Construct sq object from character vector

This function allows the user to construct objects of class sq from a character vector.

sq(
  x,
  alphabet = NULL,
  NA_letter = getOption("tidysq_NA_letter"),
  safe_mode = getOption("tidysq_safe_mode"),
  on_warning = getOption("tidysq_on_warning"),
  ignore_case = FALSE
)

Arguments

x: [character]
Vector to construct sq object from.
alphabet: [character]
If provided value is a single string, it will be interpreted as type (see details). If provided value has length greater than one, it will be treated as atypical alphabet for sq object and sq type will be atp. If provided value is NULL, type guessing will be performed (see details).
NA_letter: [character(1)]
A string that is used to interpret and display NA value in the context of sq class. Default value equals to "!".
safe_mode: [logical(1)]
Default value is FALSE. When turned on, safe mode guarantees that NA appears within a sequence if and only if input sequence contains value passed with NA_letter. This means that resulting type might be different to the one passed as argument, if there are letters in a sequence that does not appear in the original alphabet.
on_warning: ["silent" || "message" || "warning" || "error"]
Determines the method of handling warning message. Default value is "warning".
ignore_case: [logical(1)]
If turned on, lowercase letters are turned into respective uppercase ones and interpreted as such. If not, either sq object must be of type unt or all lowercase letters are interpreted as NA values. Default value is FALSE. Ignoring case does not work with atp alphabets.

Value

An object of class sq with appropriate type.

Details

Function sq covers all possibilities of standard and non-standard types and alphabets. You can check what 'type' and 'alphabet' exactly are in sq class documentation. There is a guide below on how function operates and how the program behaves depending on arguments passed and letters in the sequences.

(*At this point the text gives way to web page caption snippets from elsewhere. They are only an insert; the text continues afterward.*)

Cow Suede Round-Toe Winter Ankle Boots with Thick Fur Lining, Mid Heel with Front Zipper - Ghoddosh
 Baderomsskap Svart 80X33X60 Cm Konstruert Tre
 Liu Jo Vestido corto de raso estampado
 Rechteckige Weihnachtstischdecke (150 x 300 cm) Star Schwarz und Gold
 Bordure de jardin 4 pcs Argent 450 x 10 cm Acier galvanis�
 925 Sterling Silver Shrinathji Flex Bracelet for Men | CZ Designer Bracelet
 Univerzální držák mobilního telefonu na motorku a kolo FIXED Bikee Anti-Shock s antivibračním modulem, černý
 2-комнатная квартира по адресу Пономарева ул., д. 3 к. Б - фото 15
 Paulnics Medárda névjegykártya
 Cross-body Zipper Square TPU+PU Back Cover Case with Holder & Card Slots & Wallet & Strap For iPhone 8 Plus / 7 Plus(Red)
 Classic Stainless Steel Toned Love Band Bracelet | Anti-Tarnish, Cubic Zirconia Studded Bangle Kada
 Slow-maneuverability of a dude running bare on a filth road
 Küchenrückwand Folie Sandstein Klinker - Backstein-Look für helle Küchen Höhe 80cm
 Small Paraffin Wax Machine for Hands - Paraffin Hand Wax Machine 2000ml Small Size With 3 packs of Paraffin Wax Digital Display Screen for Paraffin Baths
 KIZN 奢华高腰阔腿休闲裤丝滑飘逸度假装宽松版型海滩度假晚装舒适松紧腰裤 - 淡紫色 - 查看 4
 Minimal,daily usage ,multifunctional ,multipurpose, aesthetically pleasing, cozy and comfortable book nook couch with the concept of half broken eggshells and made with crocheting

x parameter should be a character vector. Each element of this vector is a biological sequence. If this parameter has length 0, object of class sq with 0 sequences will be created (if not specified, it will have dna_bsc type, which is a result of rules written below). If it contains sequences of length 0, NULL sequences will be introduced (see NULL (empty) sequences section in sq class).

Important note: in all below cases word 'letter' stands for an element of an alphabet. Letter might consist of more than one character, for example "Ala" might be a single letter. However, if the user wants to construct or read sequences with multi-character letters, one has to specify all letters in alphabet parameter. Details of letters, alphabet and types can be found in sq class documentation.

Simple guide to construct

In many cases, just the x parameter needs to be specified - type of sequences will be guessed according to rules described below. The user needs to pay attention, however, because for short sequences type may be guessed incorrectly - in this case they should specify type in alphabet parameter.

If your sequences contain non-standard letters, where each non-standard letter is one character long (that is, any character that is not an uppercase letter), you also don't need to specify any parameter. Optionally, you can explicitly do it by setting alphabet to "unt".

In safe mode it is guaranteed that only letters which are equal to NA_letter argument are interpreted as NA values. Due to that, resulting alphabet might be different from the alphabet argument.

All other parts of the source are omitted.